**Recorded data:**
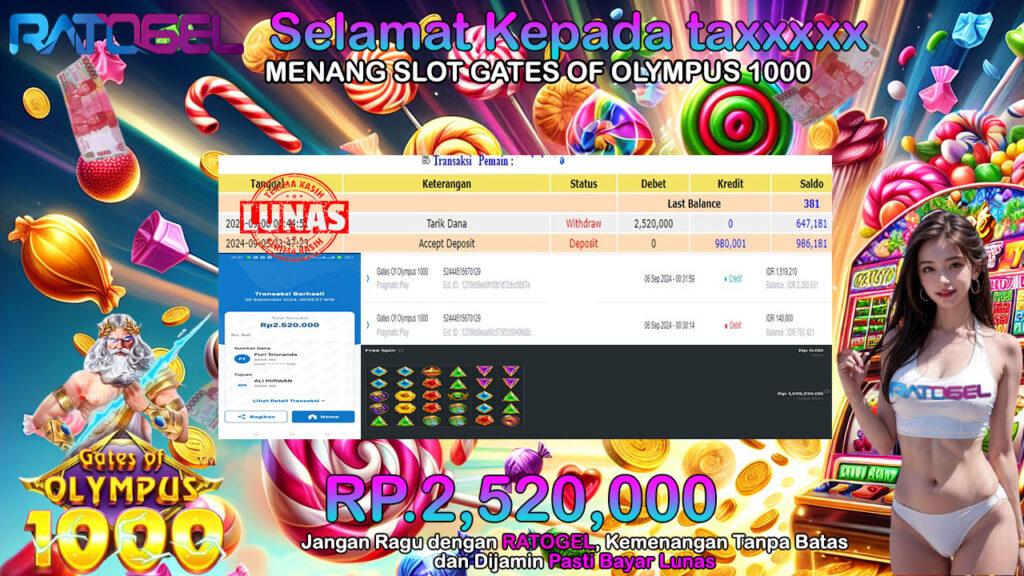 BUKTI JACKPOT SLOT GATES OF  OLYMPUS 1000 TERPERCAYA DI INDONESIA TGL 06-09-2024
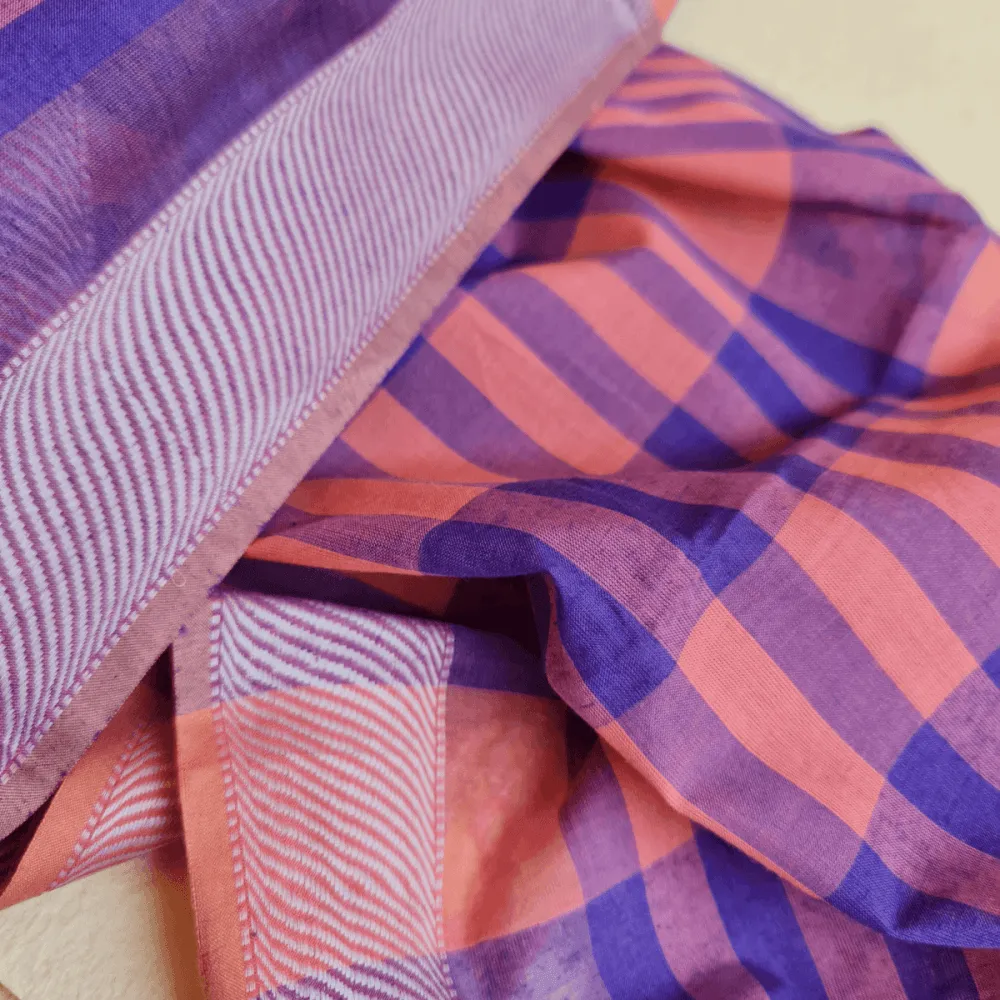 Mauve & Orange Fine Cotton-Silk Handwoven Scarf/ Stole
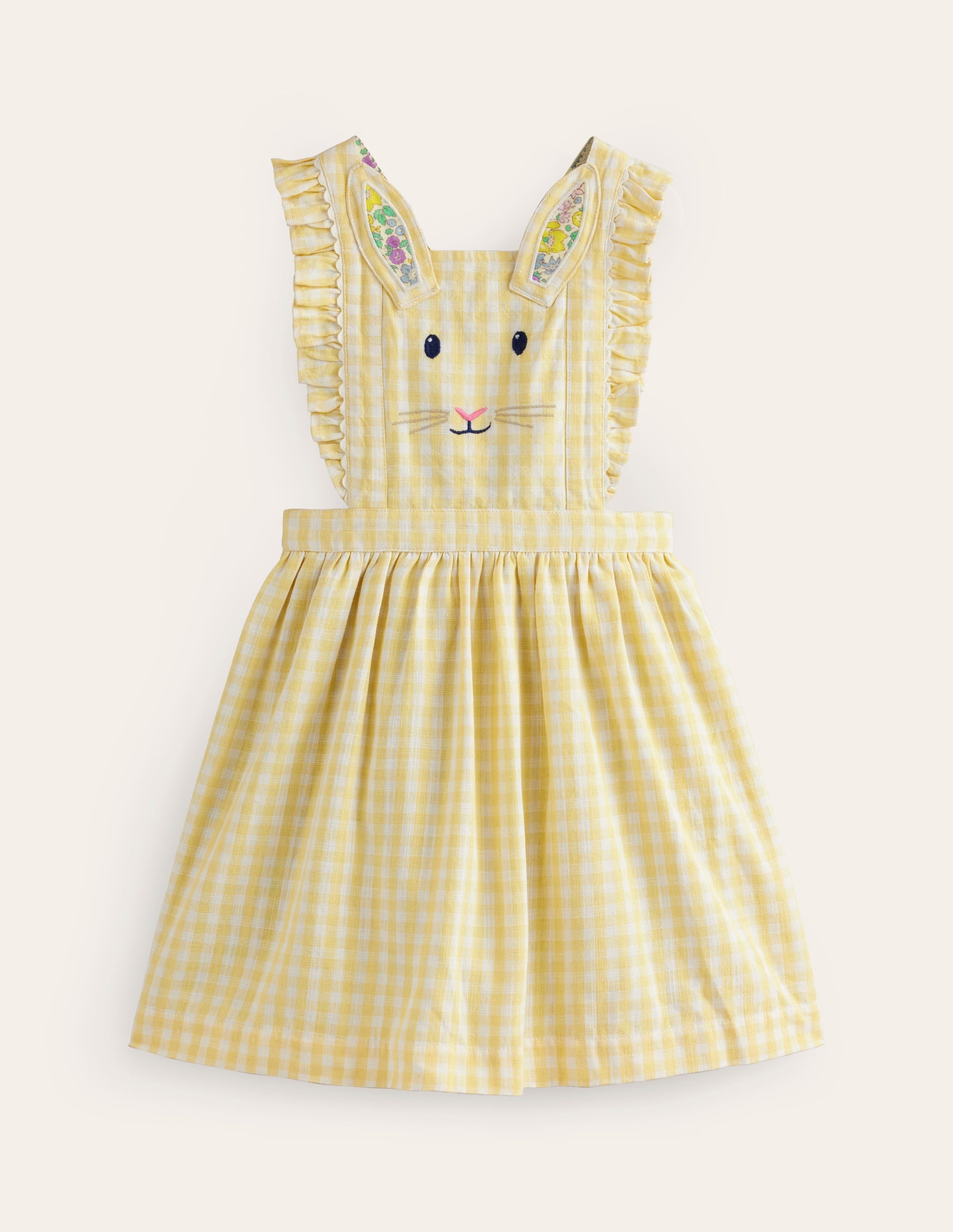 Charming Pinafore Dress-Honey / Ivory Stripe Bunny - Image 1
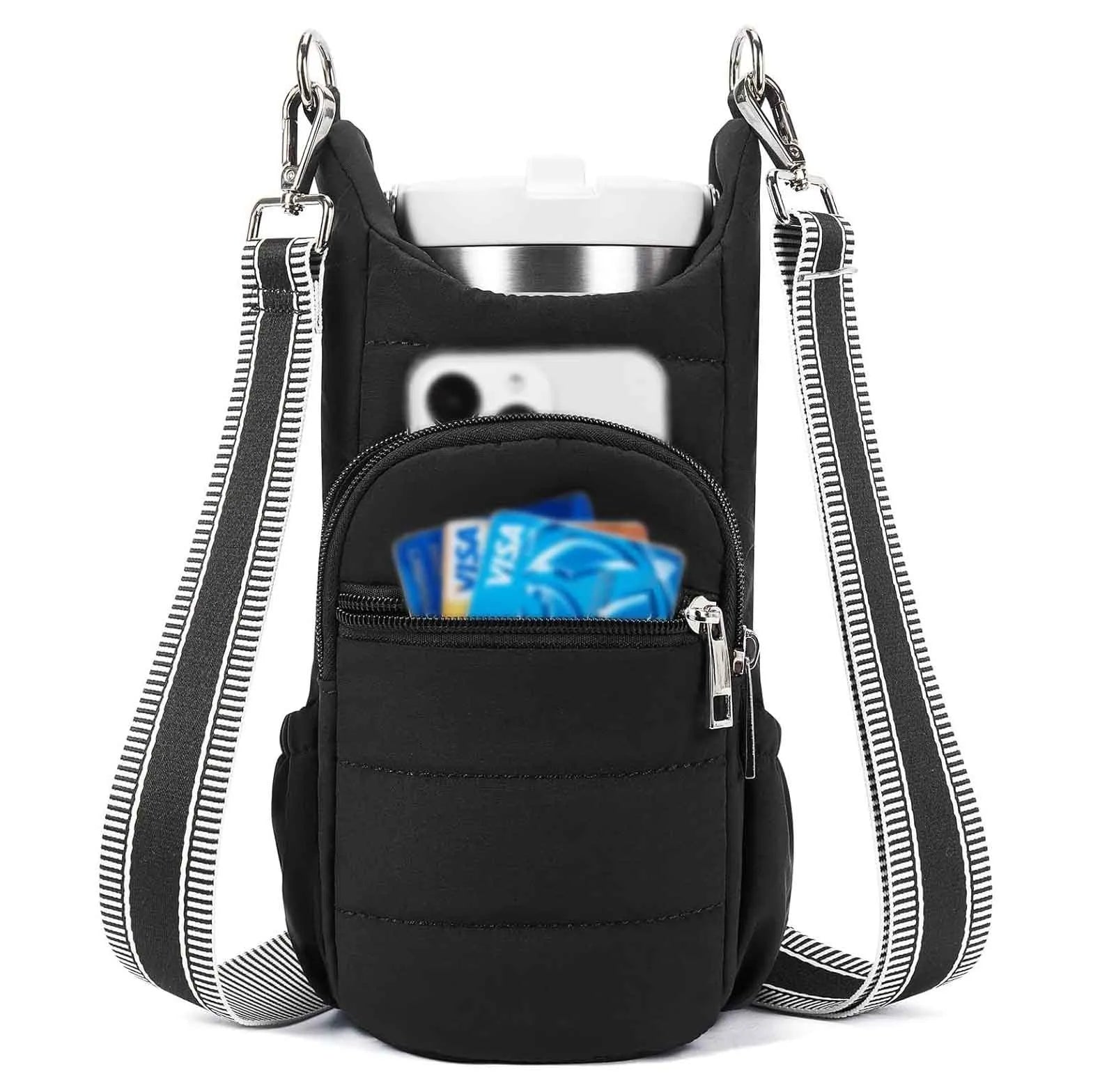 Cloth water bottle holder bag for bicycles in beige, black, and pink colour options.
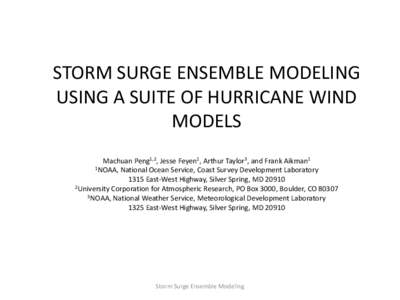 THE UNCERTAINTY OF PARAMETRIC WIND MODELS FOR OPERATIONAL STORM SURGE ENSEMBLE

**WORK ITEM:** Exactly retype each record above, dropping images.

**ANSWER BOX:**
 BUKTI JACKPOT SLOT GATES OF  OLYMPUS 1000 TERPERCAYA DI INDONESIA TGL 06-09-2024
 Mauve & Orange Fine Cotton-Silk Handwoven Scarf/ Stole
 Charming Pinafore Dress-Honey / Ivory Stripe Bunny - Image 1
 Cloth water bottle holder bag for bicycles in beige, black, and pink colour options.
 THE UNCERTAINTY OF PARAMETRIC WIND MODELS FOR OPERATIONAL STORM SURGE ENSEMBLE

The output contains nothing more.